With more people moving to Wagga each year, George Benedyka believes it is crucial the city develop a fluid network of cycleways and paths to help reduce its reliance on cars and other vehicles.
The retired project designer and environmental advocate is taking part in this year's upcoming council election as the third name on the Greens ticket, which is being led by his wife Jenny McKinnon.
Born and bred in Wagga, the 67-year-old has decades of experience in project planning and engineering, which he hopes to use to help make the city more environmentally friendly.
"I have spent such a long time in design and project design so I think I've got an eye for what good development is and what is required in a development," Mr Benedyka said.

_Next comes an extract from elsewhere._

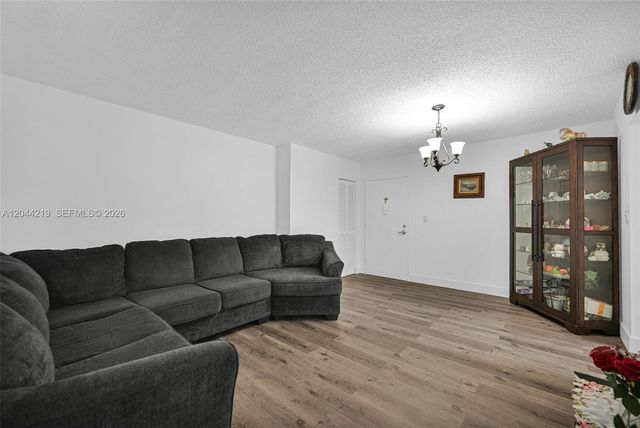 942 NE 199th Street 4E, Miami, FL 33179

"Wagga is growing a lot and it is projected the population will get to 100,000 and as we create new suburbs it really shouldn't just be 'hand it over to the developers'."
Along with the other candidates on the Greens ticket, Mr Benedyka is pushing for Wagga to focus its development on becoming a '15-minute city', where residents will be able to reach everything they need in just 15 minutes of walking or cycling.

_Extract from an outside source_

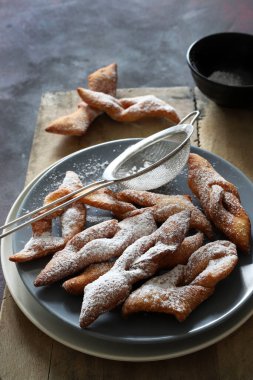 Lyon 'dan karnaval için ev yapımı böcekler koyu arkaplanda krema şekeri serpiştirilmiş. Genel bakış. Karnaval sezonu. Boşluğu kopyala.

He said to do this, the city needs to focus on developing good footpaths and cycleways, as well as help people off their car dependency, which he said causes "pollution and a whole range of other issues".

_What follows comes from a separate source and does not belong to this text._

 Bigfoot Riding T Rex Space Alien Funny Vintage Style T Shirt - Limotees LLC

"If you look at people in Wagga travelling in their cars, it's generally a big sheet of metal, with four big wheels and just one person," Mr Benedyka said.
"If Wagga is going to get to 100,000 people the way it is currently growing, the city will have to be absolutely filled with carpark after carpark and we don't want to see that.
"But if we think a little bit differently, we can help get more public transport but also build more pathways which people can use to get healthy and fit as they cycle and walk within reasonable distances of their residences."
The father-of-six also hopes to push for more trees to be planted across the city, particularly along quiet roads.
"We really want to do extensive tree planting in urban areas, including along wide streets that need shading," he said.
"We've got so many wide streets with hardly any traffic and we'd like to see them improved with a bit of an oasis with shade trees down the middle of them, which would help make the city more liveable and not just thousands of rooftops."
Mr Benedyka said he would like to bring respect and co-operation into the council chamber to help create a team of councillors that can work well both together and with council staff.
"Having meetings that just go on and on is not my cup of tea and I'd like to see them crisp, sharp and to the point," he said.
In the lead up to this year's election, The Daily Advertiser has profiled the candidates looking to secure a spot on Wagga City Council.